Nick Vallelonga è un italoamericano del Bronx, che svolge il ruolo di factotum (anzi: responsabile delle pubbliche relazioni) per un locale chiamato Copa.  Locale chiacchierato, odore di mafia, ambienti alla Frank Sinatra. Il locale viene chiuso per due mesi, e Nick si trova senza lavoro per un periodo. Viene a sapere che a un "dottore" serve un'autista. Questo dottore non è altro che uno dei più autorevoli pianisti classici d'America: Don Shirley. Un pianista di colore. Non sarà facile la collaborazione tra i due, ma la paga è buona.  Ed è il viaggio che rende amici.

Tratto (come purtroppo ci ricorda una scritta iniziale) da una storia vera, il film ha un grande pregio: gioca sullo scorrere del tempo, ti stupisce anche se già puoi immaginare l'esito o la morale del film.

In effetti quel Vallelonga spiccia affari loschi, ma appare simpatico a prima vista. Parlotta uno strano italiano del sud (motivo per cui appare fondamentale vedere questo film in lingua originale, per tutti i giochi di parole e linguistici presenti dall'inizio alla fine) e sappiano benissimo che non sarà mai uno di quelli veramente cattivi.

Green Book

È scettico, ma di buona volontà.

In questo viaggio per gli stati sud-orientali del paese i due si trovano in un doppio regime. Uno bianco e uno nero.

In certi stati non possono dormire nella stessa struttura alberghiera, in altri hanno bagni differenziati.

A guidarli, un libro verde. Per viaggiare sicuro, in luoghi a misura anche per le persone di colore.

Il tutto assume le sembianze di un vero e proprio dramma nel dramma se consideriamo che il personaggio del dottor Shirley è interpretato da un nero anomalo, meno "nero" del suo conducente italo-americano: sa le lingue, ha studiato all'estero, non conosce i capisaldi della musica jazz e della musica black, che aveva contributo a plasmare una forte identità tra la comunità di colore.

È un uomo privo di identità (su vari fronti, come si palesera' nel corso del film) nel bel mezzo del sud americano.
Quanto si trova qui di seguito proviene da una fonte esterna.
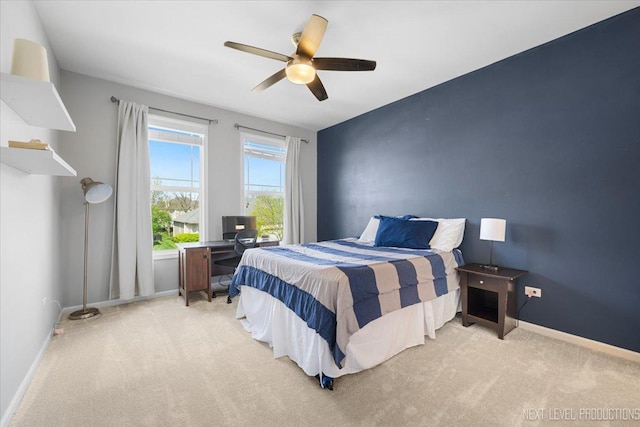 carpeted bedroom with baseboards and a ceiling fan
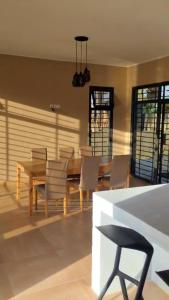 a dining room with a wooden table and chairs at Luxury Private Villa with Pool in The Gambia in Sambuya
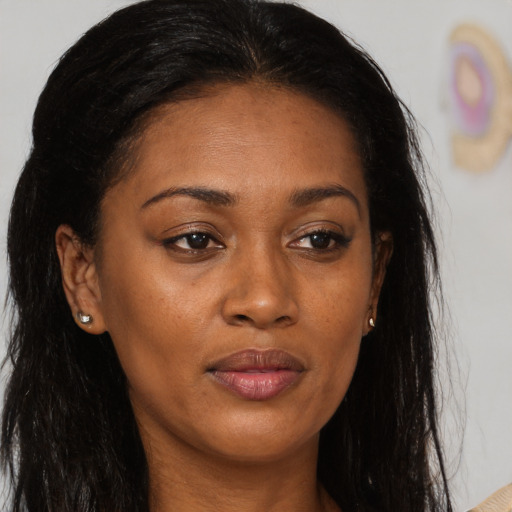 Joyful black young-adult female with long  brown hair and brown eyes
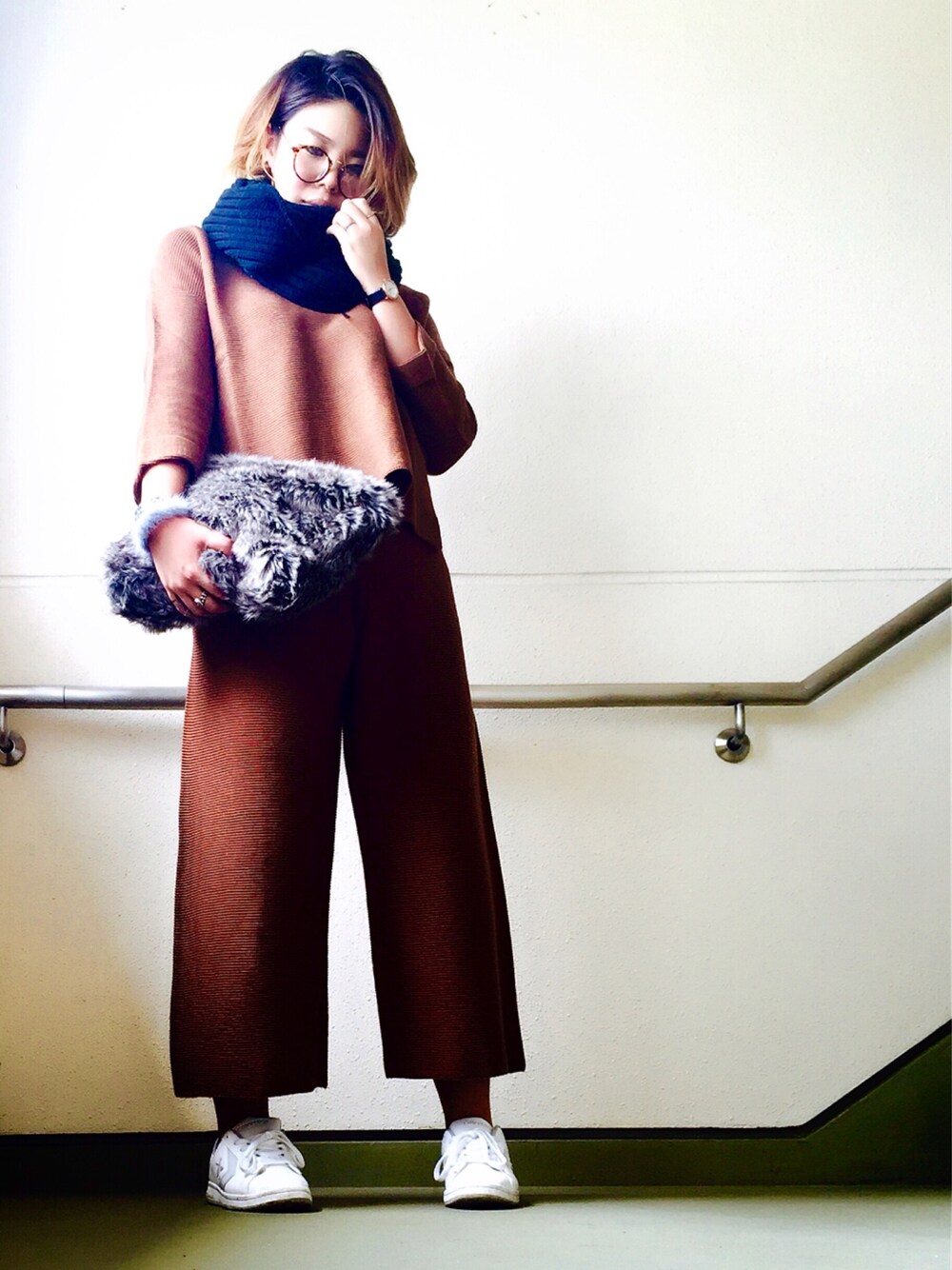 グレー系のクラッチバッグ、ブラウン系のニット/セーター、ホワイト系のスニーカーを着用したレディースの秋コーディネートの1枚目の写真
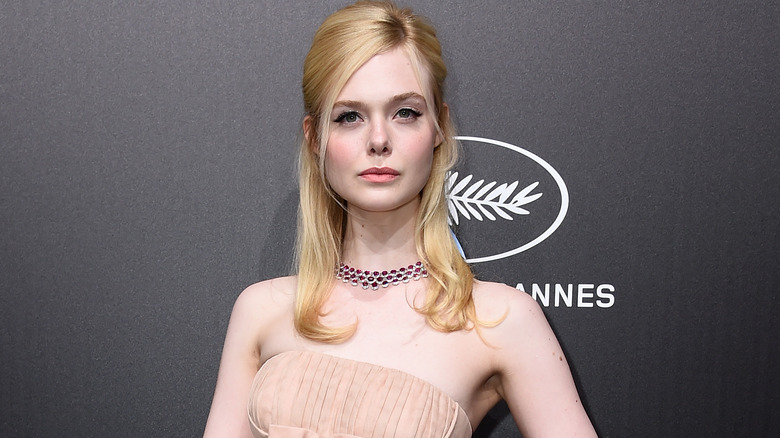 Elle Fanning poses at Cannes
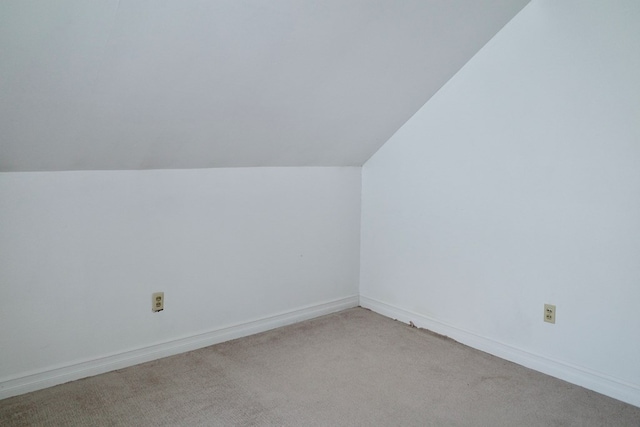 bonus room featuring light carpet and lofted ceiling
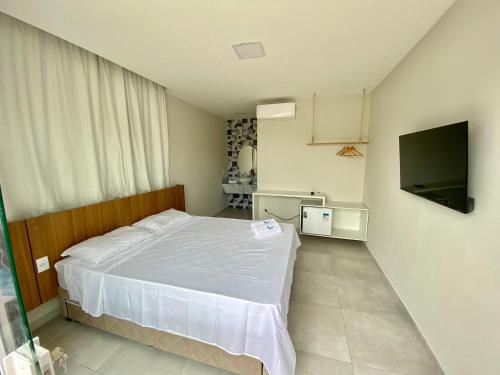 a bedroom with a white bed and a flat screen tv at Santo Mar Em São Miguel do gostoso in Touros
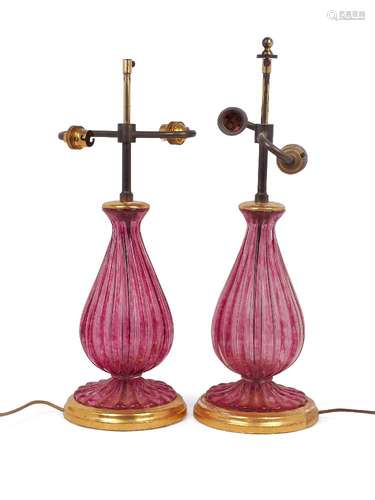 A pair of glass table lamps, 20th century, of fluted baluster form, the mottled cranberry glass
Tra Ohio, Louisiana, Tennessee e il terribile stato dell'Alabama il film racconta come una storia fatta di spocchia e diffidenza possa diventare collaborazione e sincera amicizia. Nulla è lasciato al caso nella sceneggiatura di questa commedia on the road, tra battute in italiano, risposte in tedesco e polli fritti. Un senso di armonia pervade un film che fa dei due interpreti e dell'aspetto narrativo il proprio elemento principale.

Col grande merito di non indugiare in un didascalismo tipico di tutti i film tratti da storie vere (ovvero l'amicizia reale tra l'autista Vallelonga, che ha curato la sceneggiatura di questo film prima della sua scomparsa nel 2013) e che si palesa perlopiù in una presenza "indiretta" nella storia di Bob Kennedy e ad un ben poco visibile cartello pubblicitario di un cinema nel finale, intento a promuovere il kolossal "Lawrence d'Arabia". Citazioni minimali, quasi nascoste per un'opera che intende proporsi come entertainmemt di gran classe, ma apprezzabile da tutte le tipologie di pubblico possibili ed immaginabili.